The two Katrine Aqueducts (constructed 1859 and 1901) take water from Loch Katrine to the Milngavie and Balmore Water Treatment Works to supply more than 1.3 million people in the Glasgow area with clean water supplies. Constructed in 1859, the first aqueduct is 55km long and traverses challenging terrain. The second aqueduct is 38km long and was completed in 1901 and was constructed as a result of Glasgow’s rapidly expanding population.
Scottish Water has recently invested £20M to refurbish these critical Victoria-era assets. The work was carried out by George Leslie Ltd with specialist subcontractor support from Castle Group and with design support by Atkins. Concrete and masonry repairs were carried out to tunnel linings while bridge sections had masonry and metalwork repairs.
The programme of work included detailed inspection of a number of sections of unlined tunnel including where the first aqueduct crosses the Highland Boundary fault, one of the major geological boundaries in Scotland.
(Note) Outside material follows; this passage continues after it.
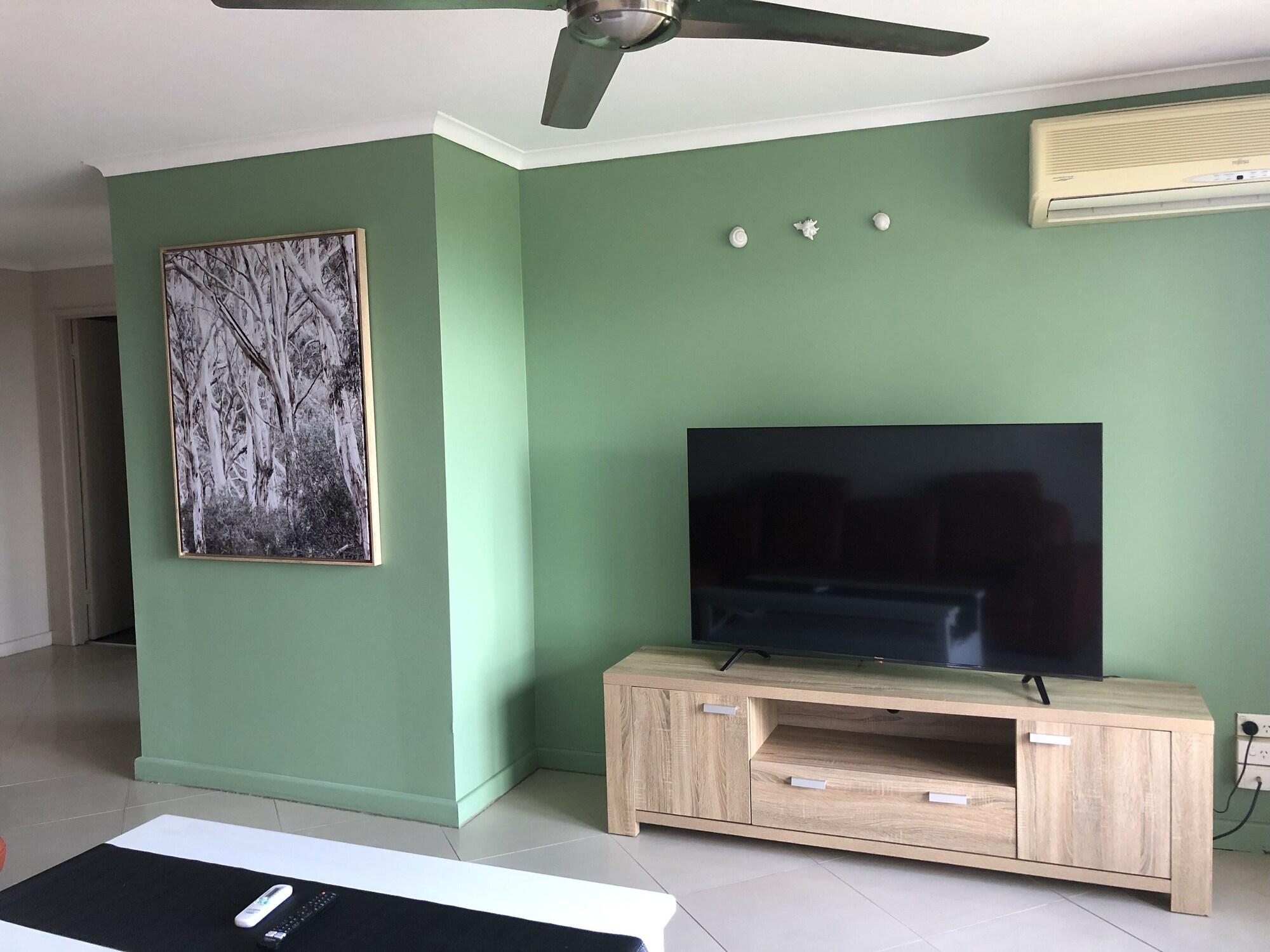 Coral Towers Holiday Suites Cairns Bagian luar foto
Elsewhere, sections of unlined tunnel were inspected using remote sensing techniques. The refurbishment of sections of unlined tunnel required the installation of netting and bolts in highly constrained locations.
The presentation will provide some background to the history of the aqueducts, will describe the engineering geological inspections that were carried out, and will provide an overview of the installation of netting and bolting as part of the refurbishment works.